Mercoledì, 28 settembre 2016
Caterina Davinio - Alieni in safari - Robin edizioni 2016 (con testo inglese a fronte a cura di David W. Seaman e 42 fotografie scattate dall'autrice)
Forse in certi luoghi della Terra dovrebbero averci fatto l'abitudine, ormai. L'abitudine cioè a quegli "alieni" di cui parla Caterina Davinio nel suo
ultimo libro. Fotografie e versi, scatti e impressioni poetiche dal mondo esotico frequentato da occidentali che però non sono più Pierre Loti, né Bruce
Chatwin, ma nemmeno (o almeno si illudono di non essere) i turisti charter frustati dal tempo e "pacchettizzati". Alieni perché, come dice l'autrice in una
nota, perché siamo "stranieri senza radici, che amiamo perderci per imparare qualcosa di noi che non sapevamo, atterrati da un'astronave in paesi ignoti",
ma - aggiunge Francesco Muzzioli nella prefazione - "restando inevitabilmente 'intrusi', 'estranei' e 'illegittimi' in un contesto che non ci prevede e che
la vacanza non basta ad approcciare". E allora a che serve il viaggio, magari ritornando negli stessi posti?

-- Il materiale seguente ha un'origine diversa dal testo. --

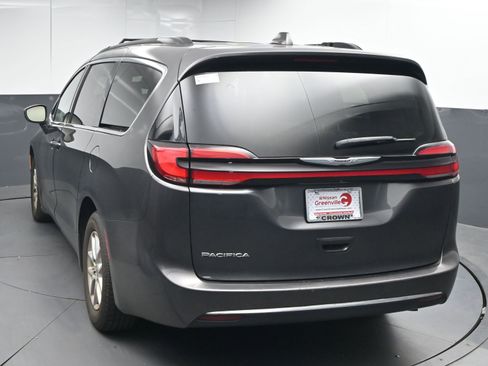 Used 2022 Chrysler Pacifica Touring-L image 7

Io mi fermerei qui, a questa interessante
contraddizione tra il cercare (forse) qualcosa e l'essere intrusi, estranei e illegittimi (forse anche a sé stessi). Se si pensa a questo, forse allora il
viaggio non diventa altro che un transfert dell'immaginazione, un vedere il mondo come lo si immagina che sia, anche magari dal punto di vista di una
"cultura" di cui ci si è imbevuti; oppure un "divertimento" nell'etimo del termine, cioè un deviare dal percorso usuale, e allora, alla fin fine, ti viene
il sospetto che equivalga a un "voyage autour de ma chambre", cioè a vedere il tuo mondo da un'altra prospettiva, cercare di vedere te stesso meno alieno di quel che ti senti.
Io credo che nel libro di Caterina ci sia anche questa consapevolezza, a conti fatti, di una impossibilità, in un mondo globale, di delocalizzare la
propria identità, di spostare i problemi, di essere diversi da quello che siamo (e del resto Caterina dice ne La mia nascita: "Fin da allora fui
io" e "Dove fui sarò"). L' "altrove" è ovunque e l' "altro", rimbaudiano che sia o meno (cosa più probabile), è sempre più uguale a noi. Il pittoresco
locale porta i Ray Ban, il leghista nonsiammicarazzisti e aiutarlincasaloro te lo ritrovi in Kenya. Viene meno il mondo diverso,
"innocente" e parallelo della cultura alternativa, rimane un sentimento profondo, forse un po' melanconico e nostalgico, rimane il conforto prezioso della
vastità della natura, dell'oceano, del mondo che puoi ancora contemplare popolandolo di pensieri, di dei benevoli e laici, di poesia. O anche un mondo
visto dal di fuori, dall'alto, come farebbe appunto un alieno a bordo di un'astronave, ma non in arrivo bensì che si sta allontanando dopo una fuga
precipitosa da una catastrofe, come avviene in testi come Il pianeta o L'Italia vista dallo spazio. Caterina è brava a rendere questi
sentimenti basici, fondamentali. O quelli di un ritorno, forse non meno "alienato", a casa, ai luoghi natii, alle città nostrane (Roma, Lecco, Heidelberg,
Novoli in Salento), luoghi dell'affetto e della decantazione di un percorso ellittico che poi, in finale, riporta irresistibilmente alle spiagge di Goa e
Bombay, come riflessi abbaglianti di una vita precedente. Come pure è brava ad accendere autentiche visioni del cosmo come nella rutilanteUna finestra e una storia infinita o a rinnovare affettuosamente cadenze beat venate di divertenti echi futuristi e palazzeschiani come in Goa (Goa trance).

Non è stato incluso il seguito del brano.